おはようございます。
午前9時半、S氏とミーティング。午後1時15分出社。1時半、来客。ZOOMでは2度会っているが、直接会うのは初めて。オンラインでのビジネスが盛んになると、このようなパターンが増えていくに違いない。社内とデジタルラボのあるクナウハウスを案内する。我が社の1階と2階は大きく変わっていた。昨日の発見は工場内がずいぶんスッキリしていたことだった。この状態でポルフ(工場革新のための実践的プログラム)を始めたら、すんなり軌道に乗りそうな気がする。旭川から来社したIさんからは各種資料をいただいた。我が社のビジネスのヒントとなりそうなものもあった。帰宅後、ビデオの制作。まだ完成度は低い。だが、メッセージが伝わればよいと考えるべきか? 何本か作れば、精度は高まっていくに違いない。
読み手にとっての価値
工場には製本し終わったばかりのスロウ64号が積み重ねられていました。新型コロナウイルスの影響により、社内で取材制限をかけていた時期に制作された号。巻頭特集は「手紙に添えて」。直接取材に行くことができないため、手紙でやりとりするという苦肉の策。これに過去の取材分、近場の取材記事を加えて、一冊にまとめ上げられています。ある意味、非常に感慨深い号になったのではないかと思います。

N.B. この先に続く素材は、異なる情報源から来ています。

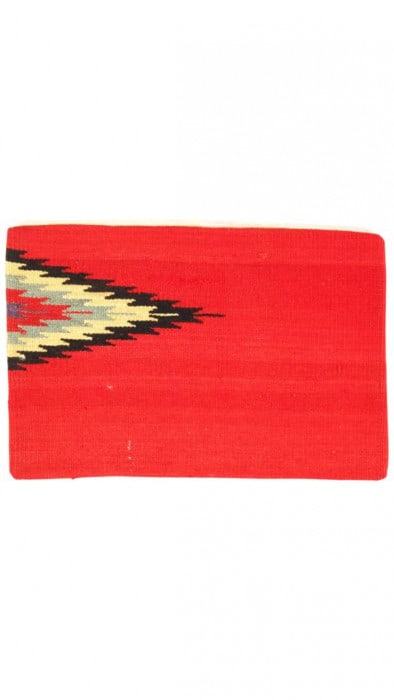 Vintage Hand Knotted Pillow k8 16" x 24": Vintage Hand Knotted Pillow k8 16" x 24" - New, Turkish, Hand-made, Lamb's Wool, 300 -K8- 862.This item is part of our fine auction collection which includes many fine home accessories including antiq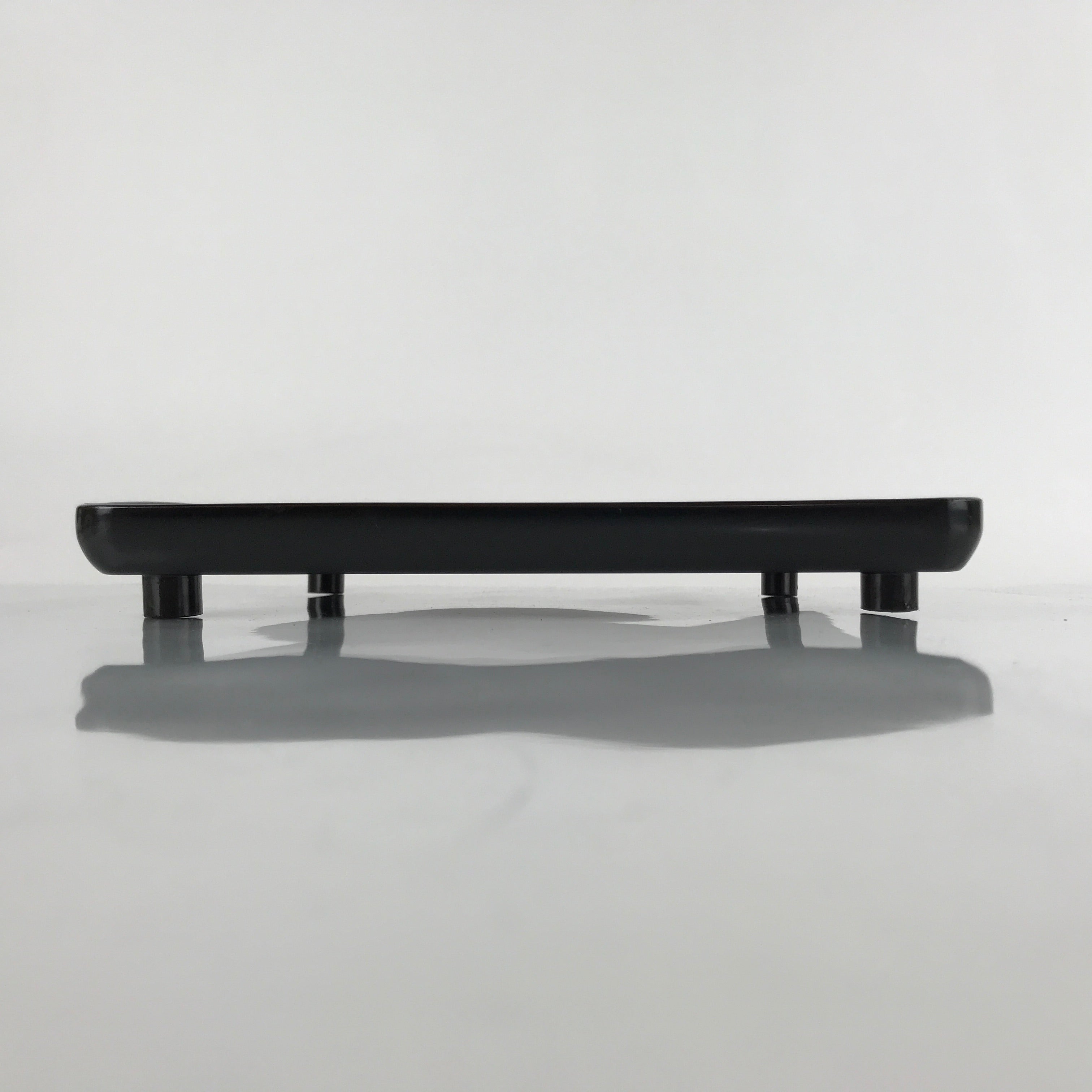 Japanese Wooden Lacquered Legged Table Vtg Ozen Tray Black Nurimono L243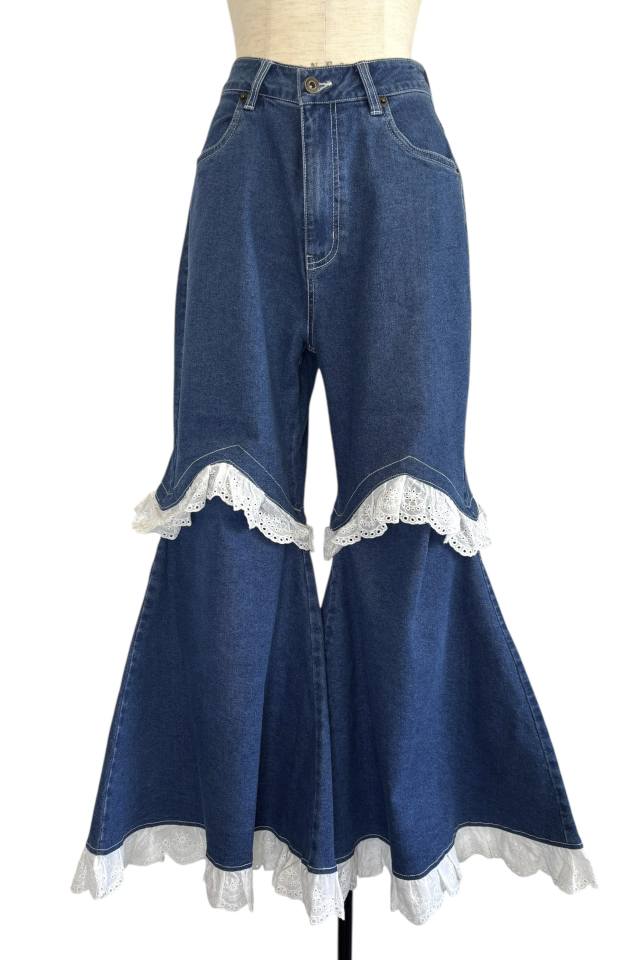 パンツ HONEY MI HONEY two-way denim flare pants two-way denim flare pants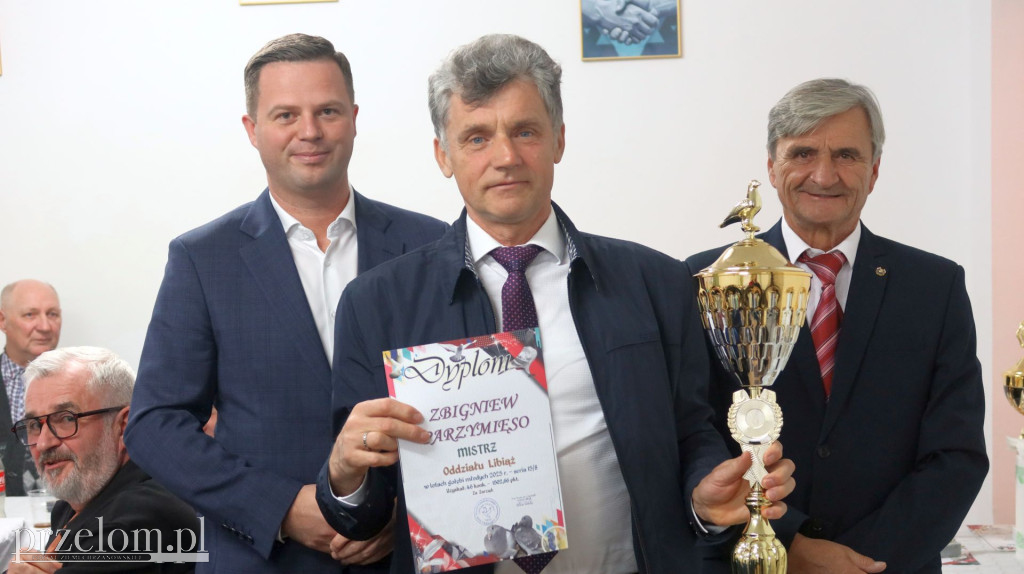 Zakończenie sezonu hodowców gołębi z Libiąża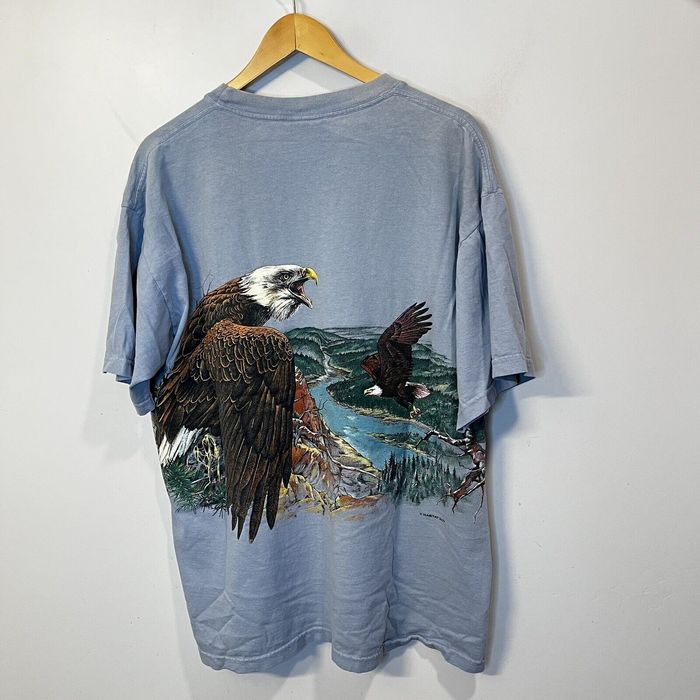 Vintage VTG 80s Habitat XCIV Eagle Print T-Shirt Single Stitch | Grailed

僕は僕で、リハビリと言うべきでしょうか、再び自分の執筆スタイルを取り戻すべく、力を入れて書いた記事がありました。僕としては渾身の作。読んでもらえればすぐにわかるでしょう。さまざまな個性を持つ人が集まって、一冊の雑誌ができあがる。自分の持ち味をどれだけそのまま表現できるのか? そのあたりを重視しているのがスロウ。
僕としては、表面的にきれいにまとめ上げた記事よりも、書き手の思考が原液のままあふれだしているような記事のほうが望ましいと思っています。この点、考え方は人それぞれあるようです。いろいろあるほうが本としてはバランスがとれるに違いありません。

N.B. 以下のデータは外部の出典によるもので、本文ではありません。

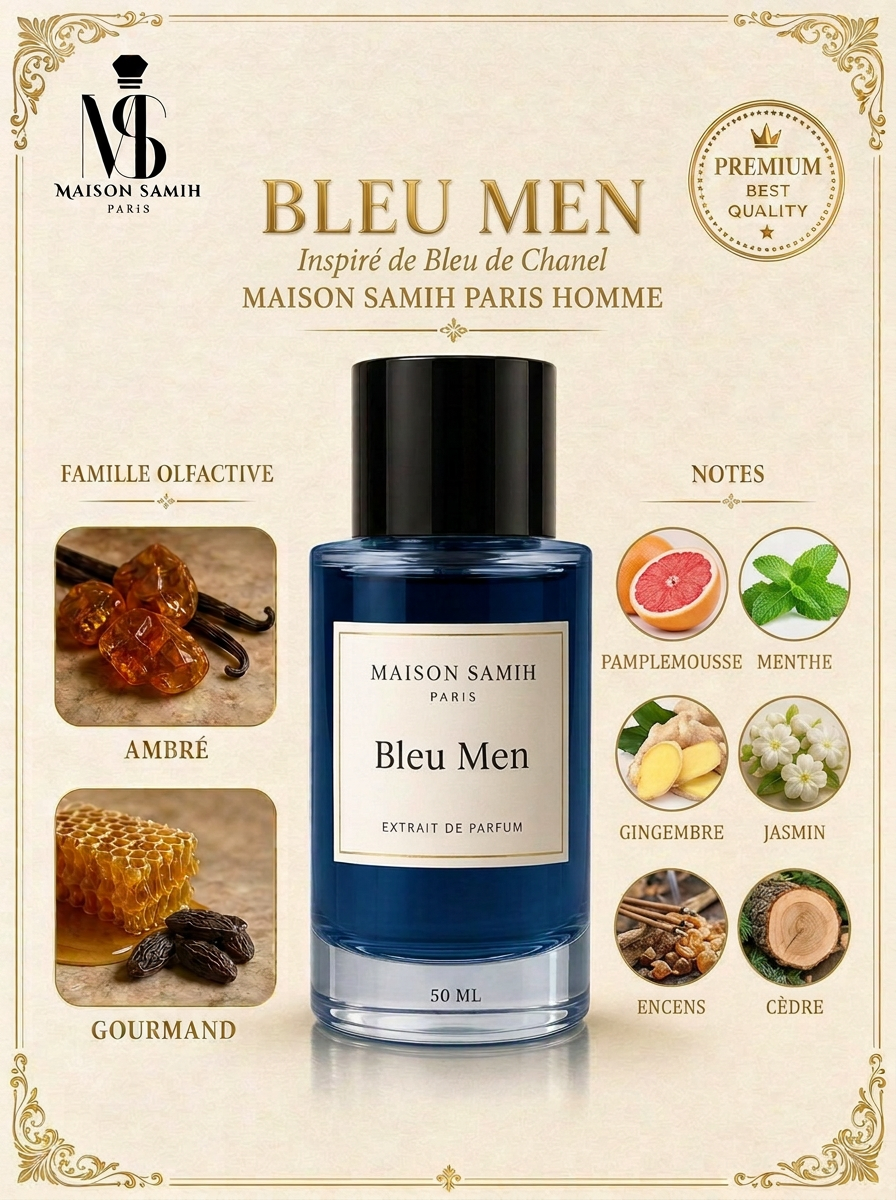 Bleu Men — fiche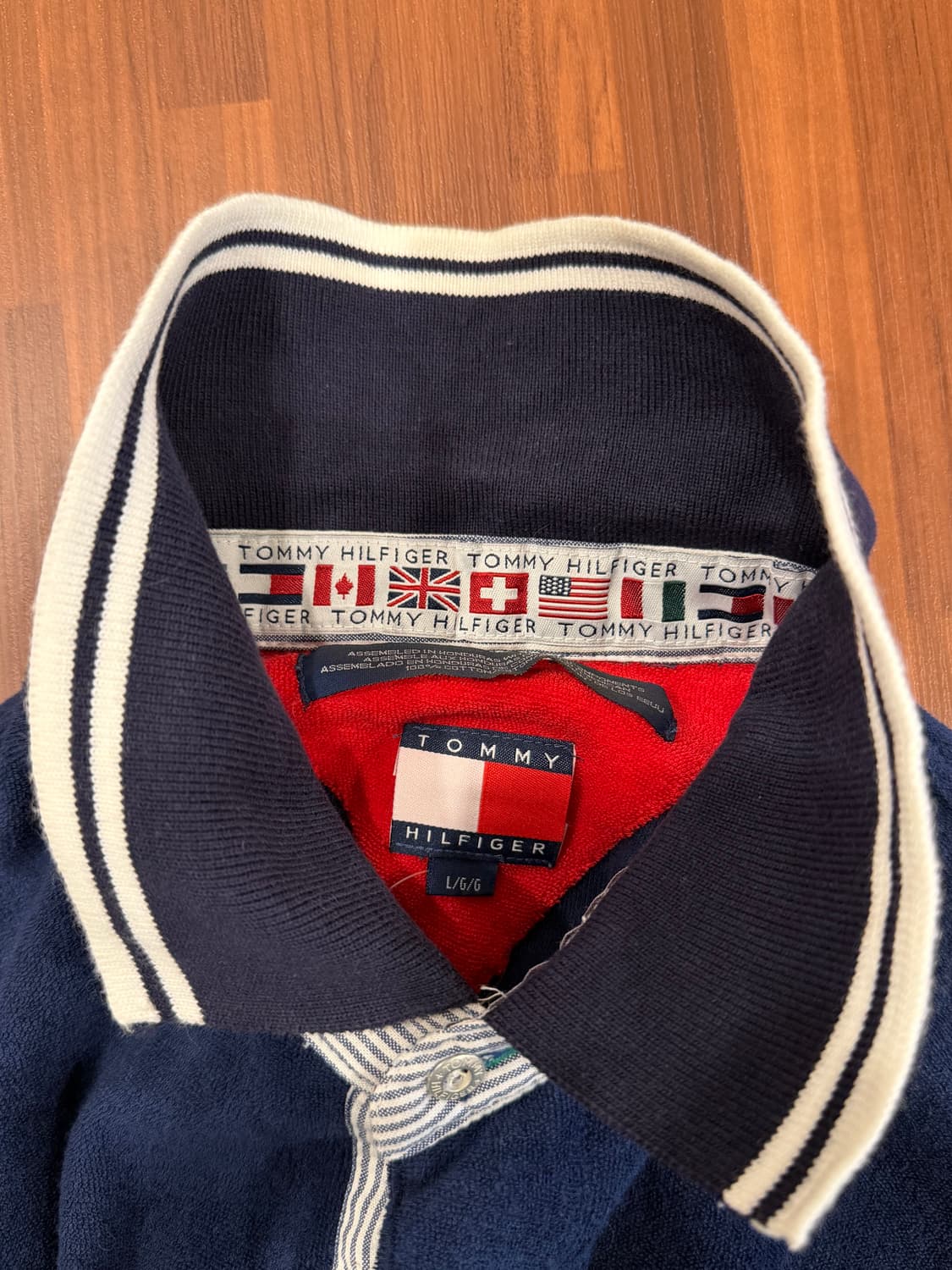 90s Tommy Hilfiger 타미힐피거 테리 코튼 컷오프 pk 반팔 상품이미지9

僕の記憶では、今回の特集は新入社員のY氏のひと言から始まりました。研修期間に行われたスロウ編集会議の場で、Y氏が「手紙」というキーワードを口にした。そこから発想が広がり、64号の特集テーマになったはず。Y氏はその後、しゅん編集部に配属が決まりました。しかし、初仕事はスロウ64号のテーマ決め、と言ってよいのかもしれません。
何気ないひと言も、熟考を重ねて絞り出したひと言も、同じ土俵の上で比較検討され、特集テーマが決まっていきます。また、ひとつひとつの記事についても、さらりとまとめたものもあれば、構想○年というものもある。僕の場合は、4年くらいのブランクを経て復活させた執筆スタイルでした。

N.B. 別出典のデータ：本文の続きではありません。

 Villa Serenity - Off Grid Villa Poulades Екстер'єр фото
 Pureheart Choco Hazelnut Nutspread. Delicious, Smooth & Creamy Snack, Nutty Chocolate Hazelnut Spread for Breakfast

渾身の作であっても、片手でチョチョイと書き上げた記事(パソコンでは両手を使いますが)であっても、読み手にとっての価値という点では関係ありません。ここが恐ろしいところ。
同じようなことを1980年頃から考えていました。大型カメラで最高の技術を駆使して撮った作品と、コンパクトカメラでパチパチ撮った写真。どちらに価値を感じるかは写真家ではなく、鑑賞者が決めること(念のため補足しますが、僕は技術崇拝者というわけではありません)。表現者は鑑賞者と常に真剣勝負なのだと思います。そして、80年代当時、考え抜いたあげくたどり着いた結論は、「表現者と鑑賞者は対等なのだ」というものでした。
自分のすべてを写真に表そうとする。今ならひとつの記事に自分を埋め込もうとするわけです。鑑賞者や読者は、やはり自分の思想、哲学、人生経験と照合しながら、作品や記事と対峙する。読者の中にはものすごく深いレベルで読み込んでくれている人がいます。たまに、自分でも気づかなかったところを指摘されることがあります。深めれば深めるほど、人生を深く掘り進んでいる人との出会いがある。
ひとつの記事は偶然の出会い、偶然の発見から作られることが多い。しかし、偶然の質や方向性を決めているのは自分自身なんですね。我が社としても、ビジネス、人生、文化、地域振興等、さまざまなジャンルで深掘りする仲間を求めています。